━━ Recorded information

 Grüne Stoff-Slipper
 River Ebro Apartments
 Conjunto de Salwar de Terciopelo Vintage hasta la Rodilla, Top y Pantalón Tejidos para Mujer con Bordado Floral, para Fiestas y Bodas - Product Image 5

━━━━

*What is expected*. Copy the entire listing exactly. Do not skip a line.

*Reply to the task*.
 Grüne Stoff-Slipper
 River Ebro Apartments
 Conjunto de Salwar de Terciopelo Vintage hasta la Rodilla, Top y Pantalón Tejidos para Mujer con Bordado Floral, para Fiestas y Bodas - Product Image 5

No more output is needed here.